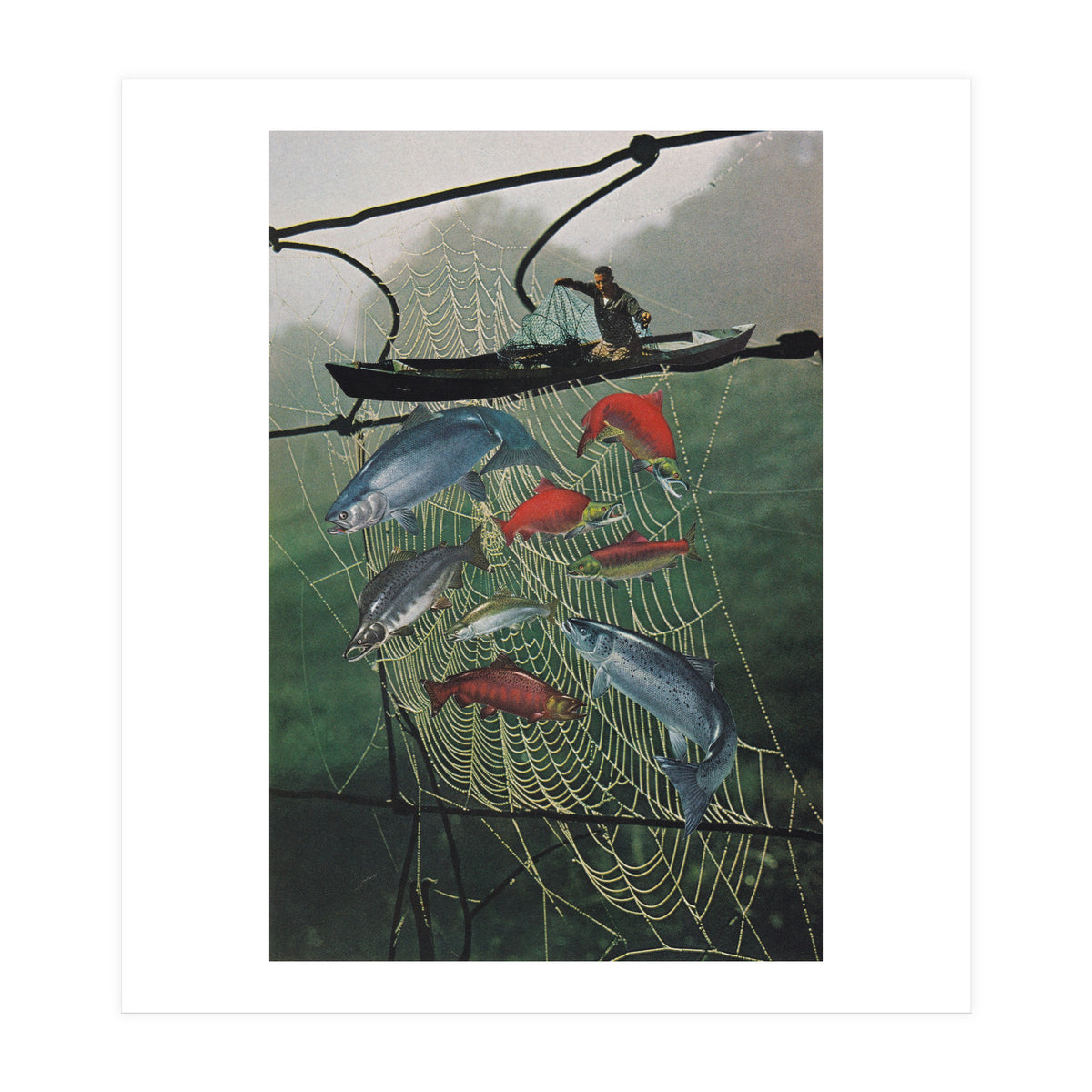 Salmon Trap (Print Only)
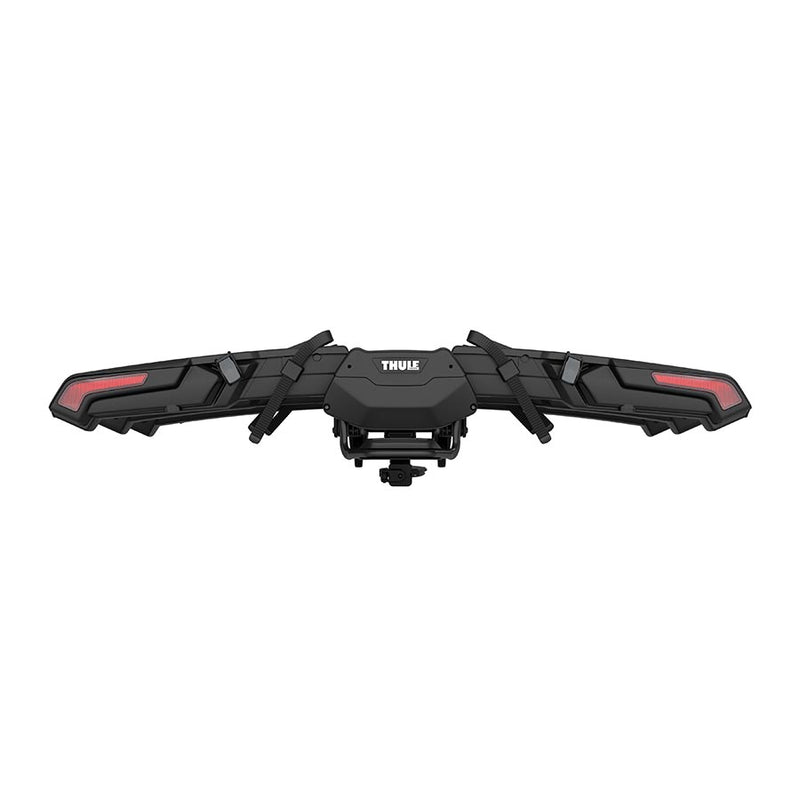 Load image into Gallery viewer, Thule Epos Platform Hitch Bike Rack - 3-Bike, 2" Receiver, Black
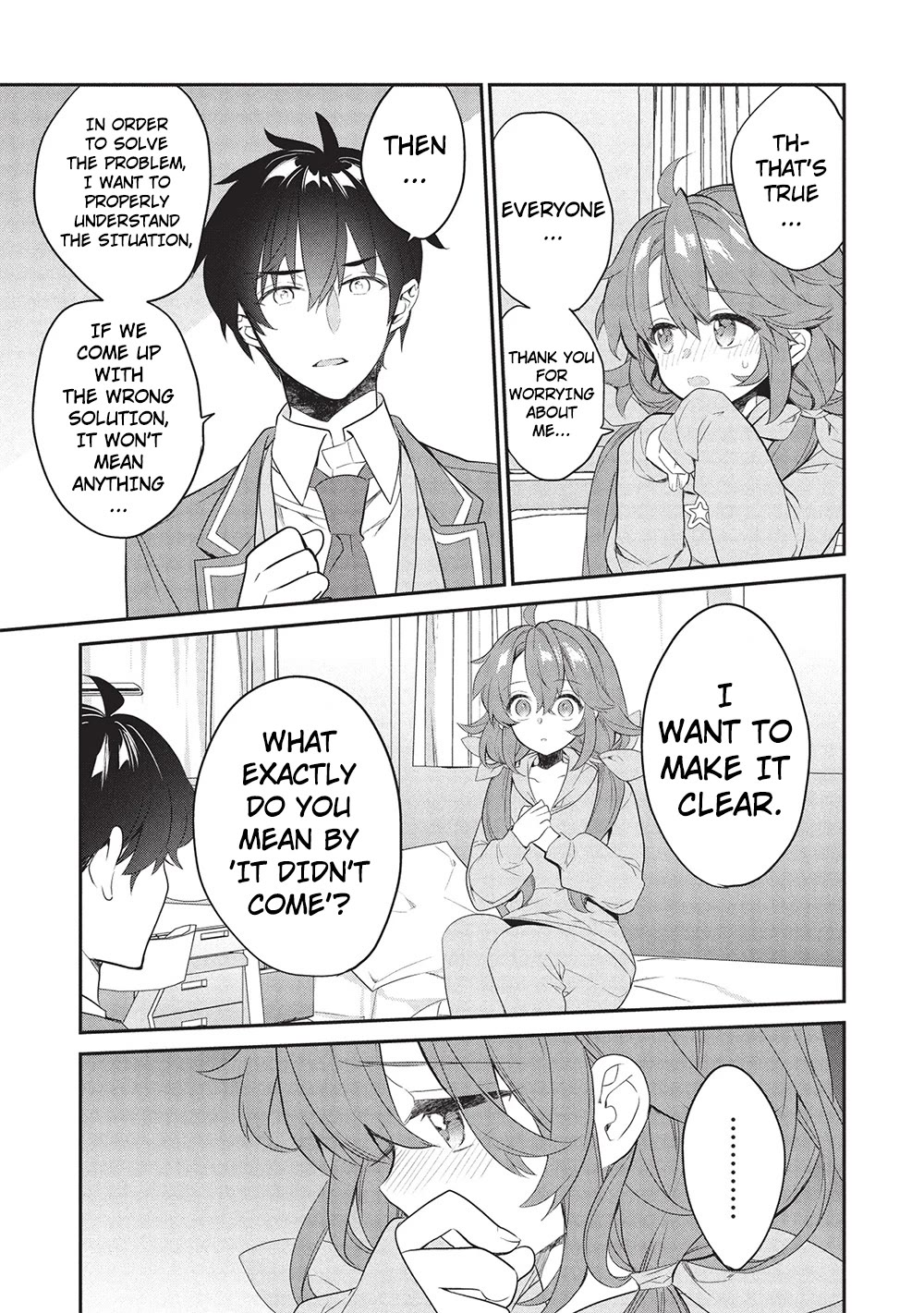 What's under Kamiyama-san's paper bag? Chapter 24 page 17 - Chapter 24: Survival of The Fittest - The Mother is Too Strong
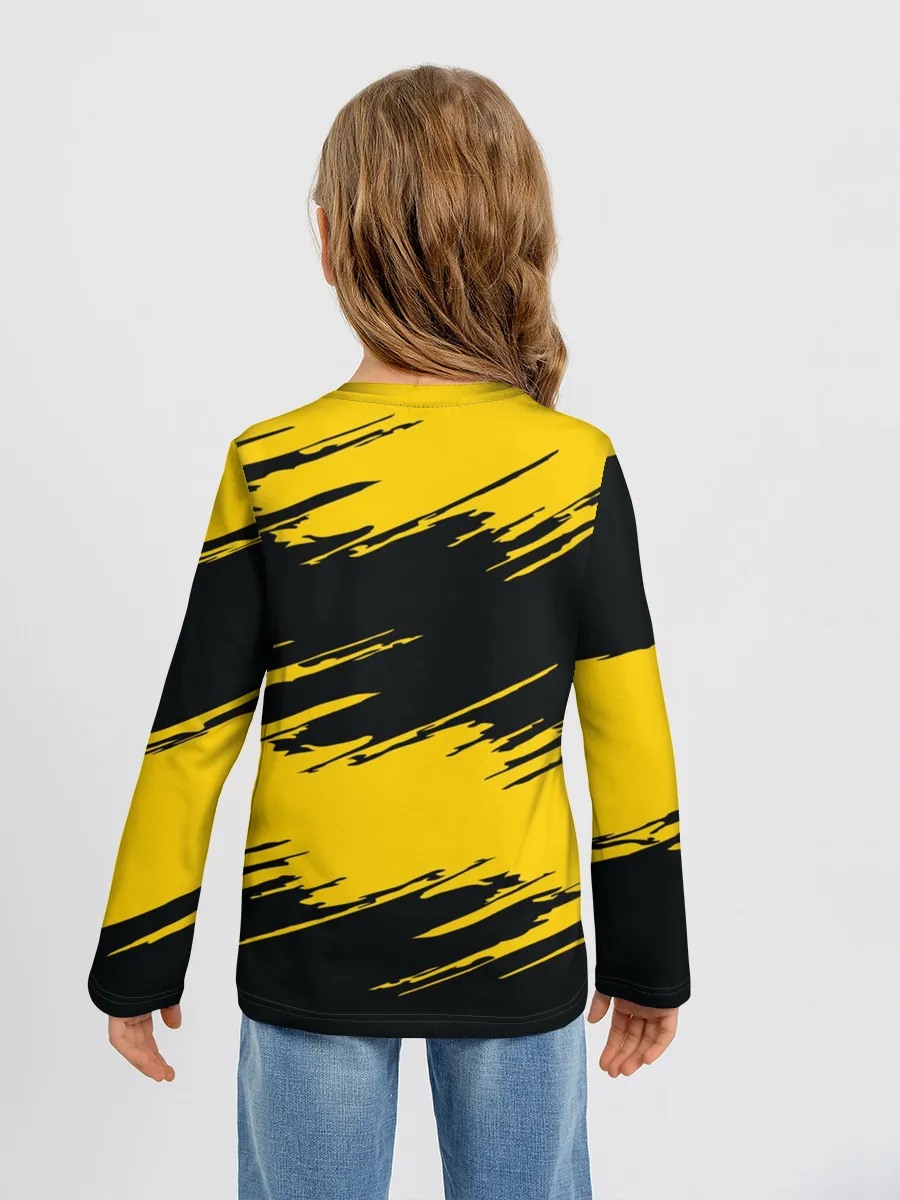 Детский лонгслив / Боруссия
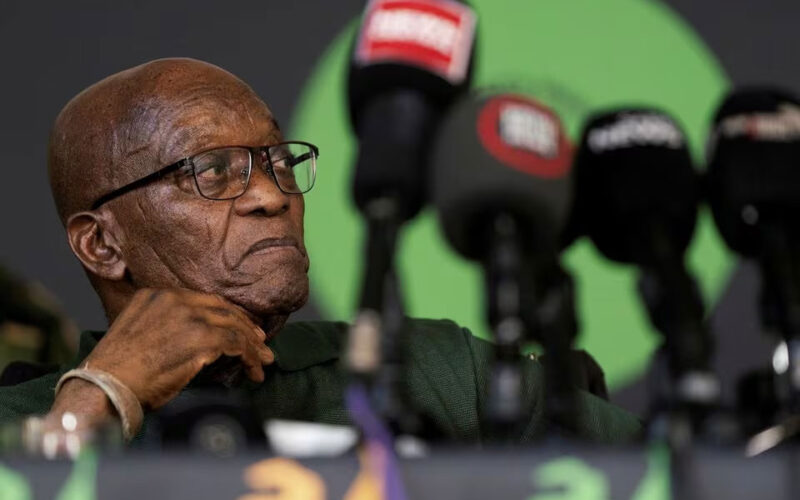 South Africa’s ruling ANC suspends membership of ex-leader Zuma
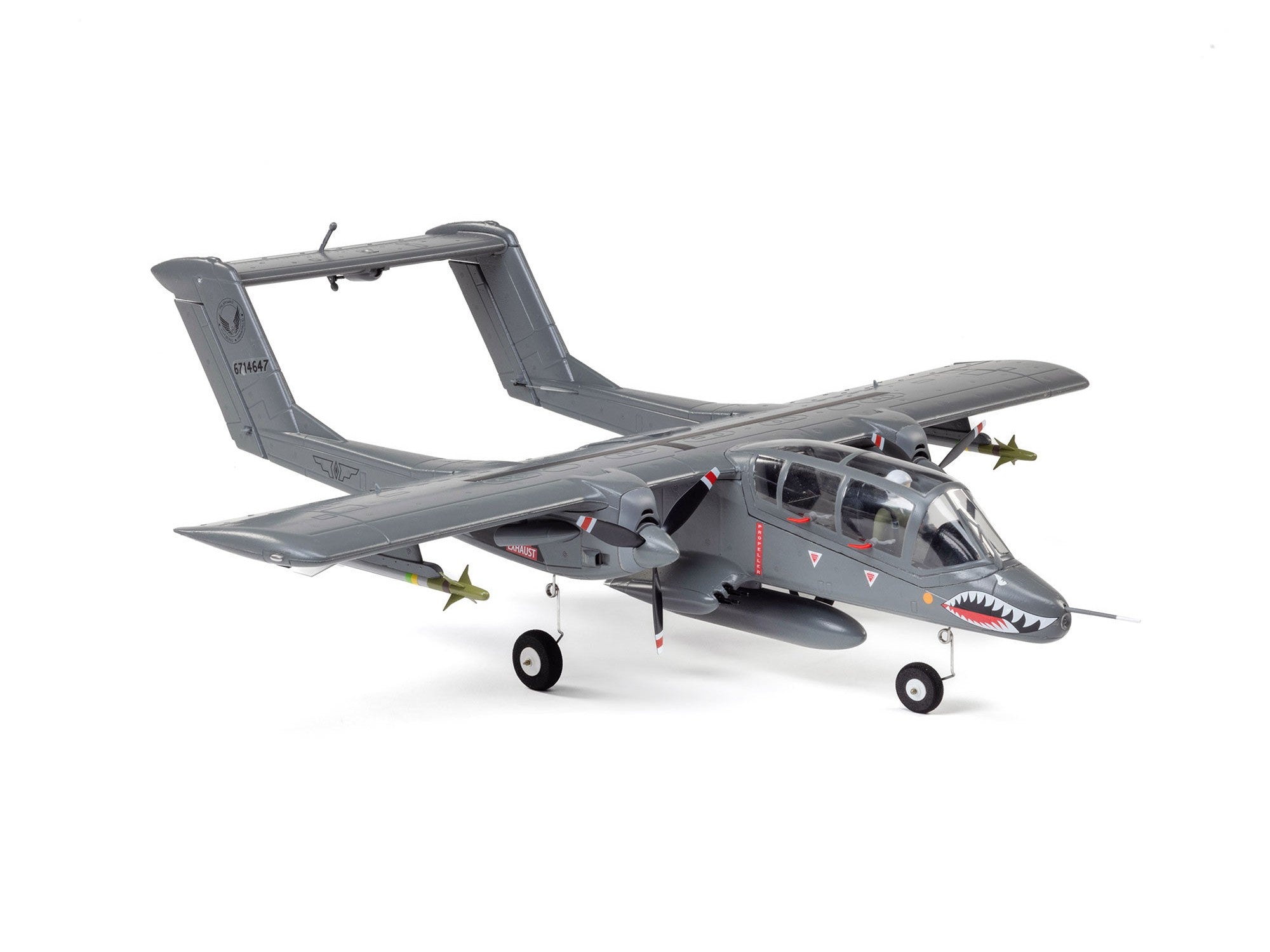 E-Flite Micro OV-10 Bronco 645mm BNF Basic with AS3X and SAFE Select EFLU35050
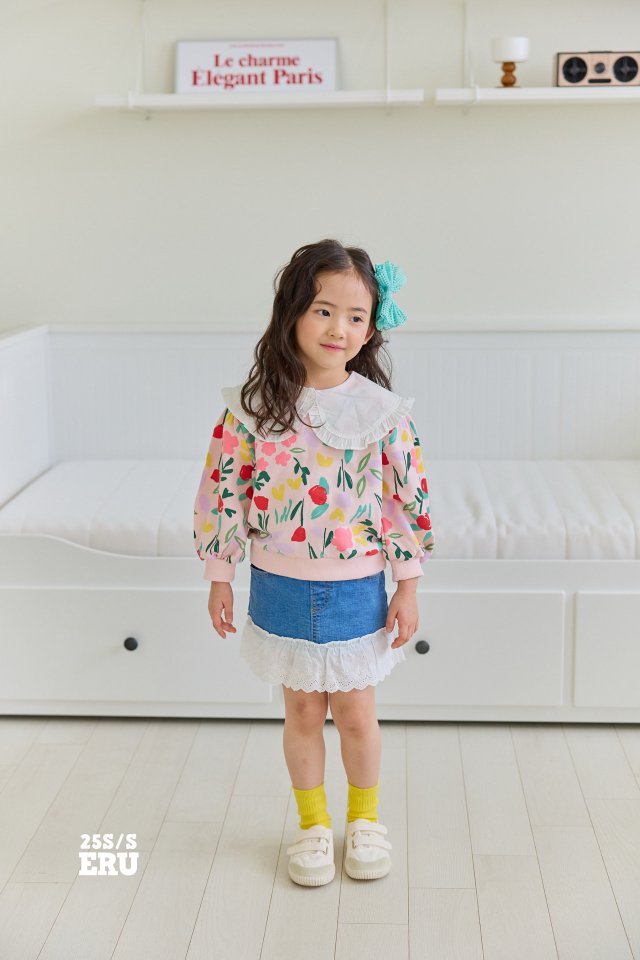 e.ru - Korean Children Fashion - #kidzfashiontrend - Denim Skirt - 5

## Aim of the task
Reproduce word for word only the lines between the line containing "E-Flite Micro OV-10" and the end of the listing above, both included, and drop any pictures.

## Answer box
 E-Flite Micro OV-10 Bronco 645mm BNF Basic with AS3X and SAFE Select EFLU35050
 e.ru - Korean Children Fashion - #kidzfashiontrend - Denim Skirt - 5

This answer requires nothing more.